BRIEF: Copy out each entry precisely; no image belongs in the result.

DATA PROVIDED:
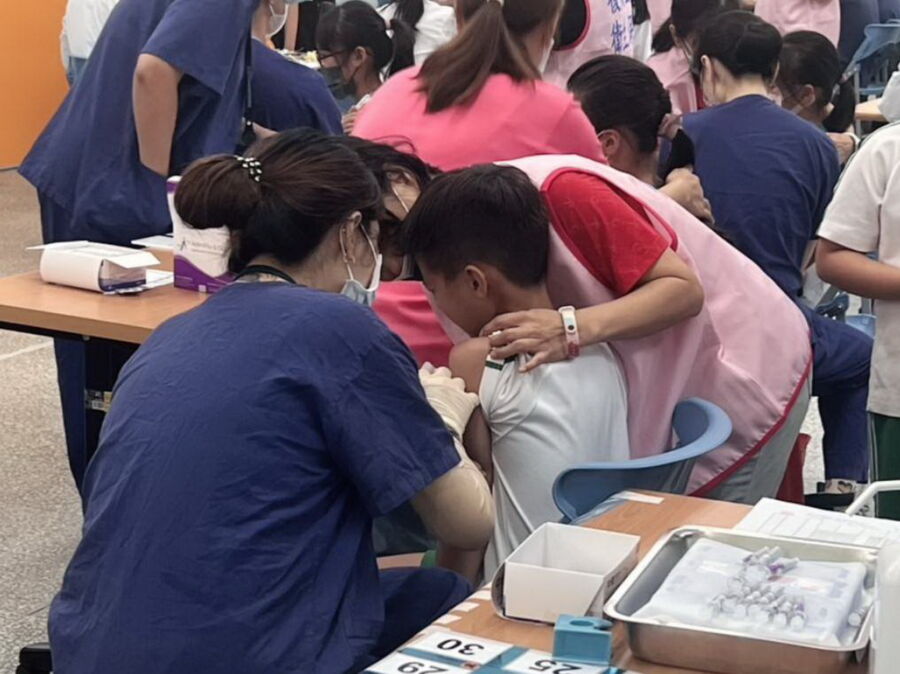 圖/衛生局表示,家中幼兒若是初次接種流感及新冠疫苗,應接種2劑,呼籲家長應儘速攜帶前往院所接種,以及早獲得疫苗完整保護力。(新北市政府衛生局提供)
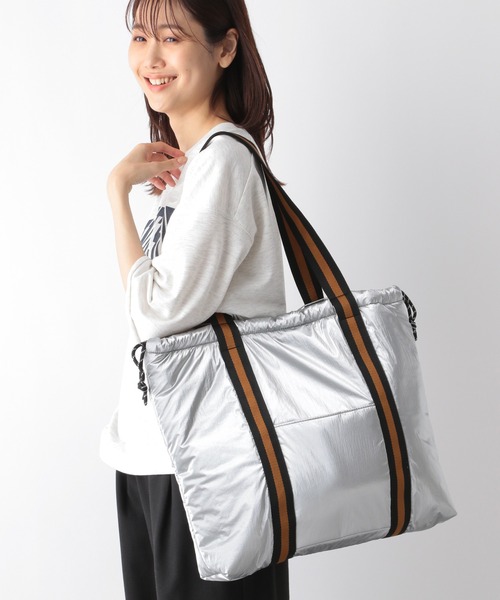 GLOBAL WORK(グローバルワーク)の「ラインテープ巾着トート/128845(トートバッグ・レディース・シルバー/ブラック・ONE SIZE)」の2枚目の写真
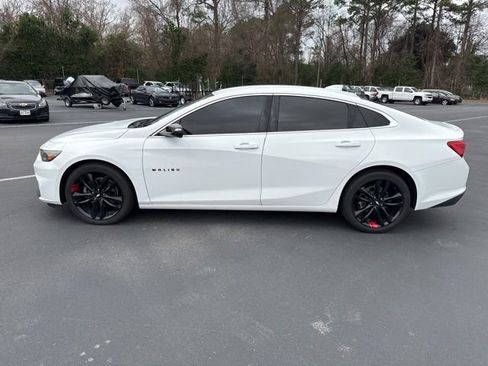 Used 2018 Chevrolet Malibu LT w/ Driver Confidence Package image 2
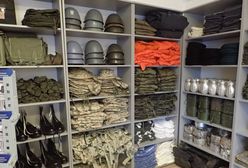 Ciepłe kalesony, hełmy i menażki na sprzedaż. Agencja Mienia Wojskowego otwiera sklep za sklepem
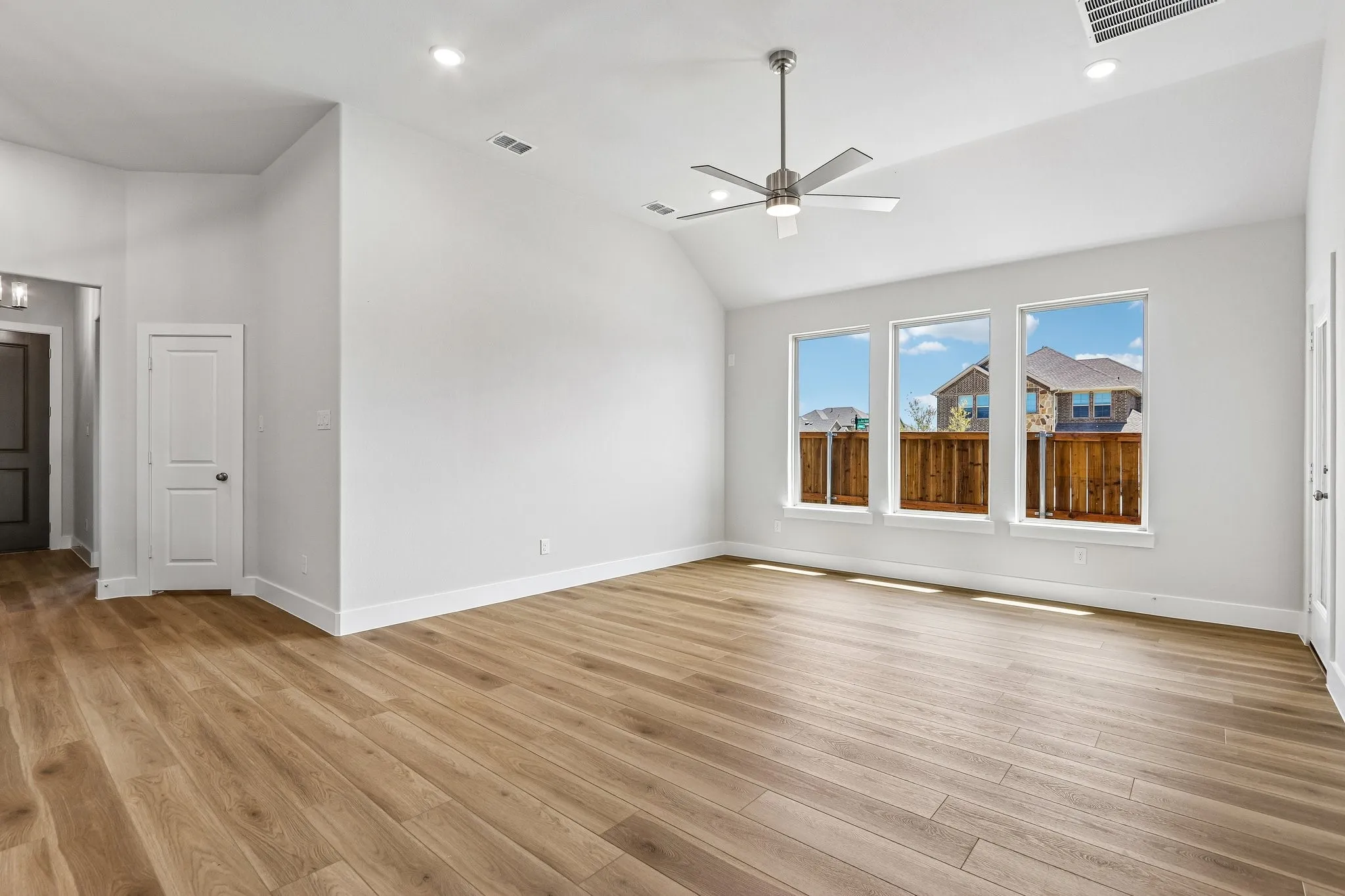 Single Family Residence For Sale in Collin County , 2604 Gladewater Road, Celina, Texas 75009, 3 Bedroom, 2 Bathroom, 2 Garage spaces, 1,707 Sqft, built in 2026, mls#21270657, Real Estate Agent in Celina, Homes For Sale in Collin county, Homes For Sale in Celina, Realtor in Celina Texas, Real Estate Brokerage Independent Realty Texas, Luminita Cordes Realtor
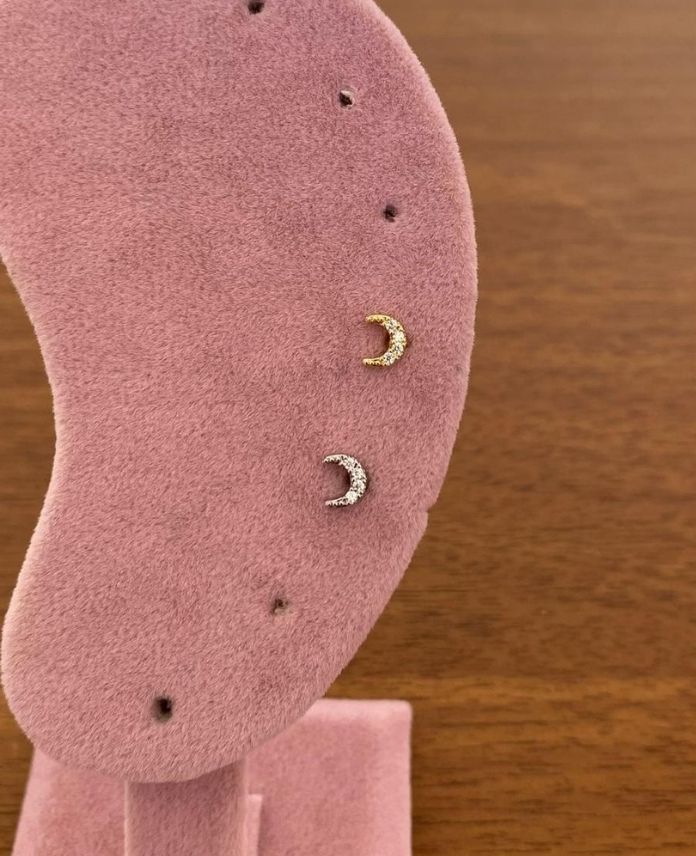 CPITASLIHILAL-1-1-1.jpg Çelik Tragus Taşlı Hilal Piercing - Görsel 1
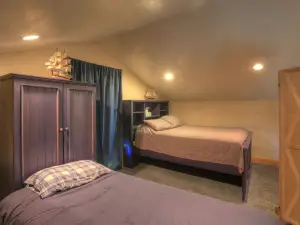 Canyon Lodge- - 8 Acres - Sleeps 10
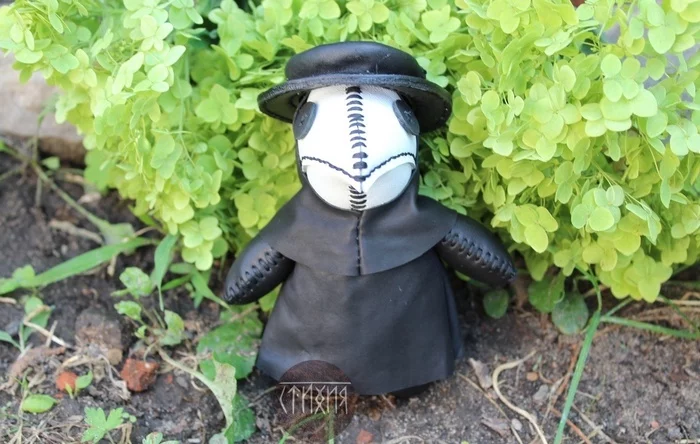 Plague doctor doll - My, Leather, With your own hands, Needlework without process, Plague Doctor, Handmade, Needlework, Leather products, Doll, Longpost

TASK SOLUTION:
 圖/衛生局表示,家中幼兒若是初次接種流感及新冠疫苗,應接種2劑,呼籲家長應儘速攜帶前往院所接種,以及早獲得疫苗完整保護力。(新北市政府衛生局提供)
 GLOBAL WORK(グローバルワーク)の「ラインテープ巾着トート/128845(トートバッグ・レディース・シルバー/ブラック・ONE SIZE)」の2枚目の写真
 Used 2018 Chevrolet Malibu LT w/ Driver Confidence Package image 2
 Ciepłe kalesony, hełmy i menażki na sprzedaż. Agencja Mienia Wojskowego otwiera sklep za sklepem
 Single Family Residence For Sale in Collin County , 2604 Gladewater Road, Celina, Texas 75009, 3 Bedroom, 2 Bathroom, 2 Garage spaces, 1,707 Sqft, built in 2026, mls#21270657, Real Estate Agent in Celina, Homes For Sale in Collin county, Homes For Sale in Celina, Realtor in Celina Texas, Real Estate Brokerage Independent Realty Texas, Luminita Cordes Realtor
 CPITASLIHILAL-1-1-1.jpg Çelik Tragus Taşlı Hilal Piercing - Görsel 1
 Canyon Lodge- - 8 Acres - Sleeps 10
 Plague doctor doll - My, Leather, With your own hands, Needlework without process, Plague Doctor, Handmade, Needlework, Leather products, Doll, Longpost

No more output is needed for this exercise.